大企業では「経営層と社員」の間に課題感がある 

HRプロ【図表3】課題のあるコミュニケーションはどこか(大企業)

 数多くの部門や事業所を持つ大企業でも、やはり部門間に課題を感じている。特徴的なのは、「経営層と社員」の間の課題感が、全体の数値より8ポイントほど大きいことだ。やはり社員数が多くなるほど、経営層と社員の距離は離れてしまうのだろうか。
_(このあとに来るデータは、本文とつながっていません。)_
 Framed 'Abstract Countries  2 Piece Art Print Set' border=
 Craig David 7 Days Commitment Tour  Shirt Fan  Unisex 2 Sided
 多様な働き方をする社員とのコミュニケーション不全も

 コミュニケーション不全を感じる具体例を見てみよう。

【大企業】
・メール文化により、オーラルベースでのコミュニケーションが減った。(商社・流通)
・会話が少ない。飲みに行かない(誘われない)。個人志向が強い(特に若者)。会話がないから仕事のベクトルに齟齬が生じる。(情報・通信)
・経営層と社員の間では、事象のみ伝わり、本来の目的や意味や思いが伝わらない。(商社・流通)
・上長が忙しく席にいないことも多いため、メンバーとのコミュニケーションが十分でない。(メーカー)
・変化のスピードにコミュニケーションがついてきていない。(メーカー)
・担当する業務での関わりが無いと、あまりコミュニケーションをとる場が少ない。(メーカー)
・セキュリティを意識しすぎるあまり、必要情報にアクセスできない。(メーカー)

【中堅企業】
・会話の少ない環境。(サービス)
・経営者との間では、従業員へ説明なしに進めることが多く、噂や実施中に知ることが多い。(メーカー)
・組織が縦割りで、連携が取れていないと思うことが良くある。(メーカー)
・事業所間となると、管理職以上でないと話す機会がほとんどない。(情報・通信)
・自らの仕事に専念するあまり、他者の仕事・役割に対し、無関心であることが多い。(メーカー)
・出向者とプロパー社員の間に溝がある。(運輸・不動産・エネルギー)
・客先常駐者が多い。帰社日を利用し部門内のコミュニケーションはとれているが、部門間となると、きっかけを持つ社員同士以外は、コミュニケーションがない。(情報・通信)

【中小企業】
・メール、メッセンジャー、チャットなどを利用することが増え、顔を合わせて会話をする機会が減った。(メーカー)
・会社の方針等が不透明な状態のまま。知る人のみぞ知る、という状態になっている。(メーカー)
・上司が多忙すぎて部下の行動が見えていない。(商社・流通)
・情報伝達のスピード感がない。(メーカー)
・担当する仕事を越えてのやり取りが少なく、仕事における効率や人材の融通が損なわれている。(メーカー)
・営業の事業所と倉庫のロケーションが離れているためコミュニケーション不全が発生している。(メーカー)
・専門性の高い業務内容であるため、チームで仕事をせず、各々で業務を進めている。(情報・通信)
・フロアが別だったり、直行直帰でオフィスで働かない人も多かったりするので、コミュニケーションが電話だけになってしまうことも多い。(サービス)
・契約社員が他部門の情報を得る手段が口コミ以外にないため、社内にある技術やリソースの有効活用ができていない。(情報・通信)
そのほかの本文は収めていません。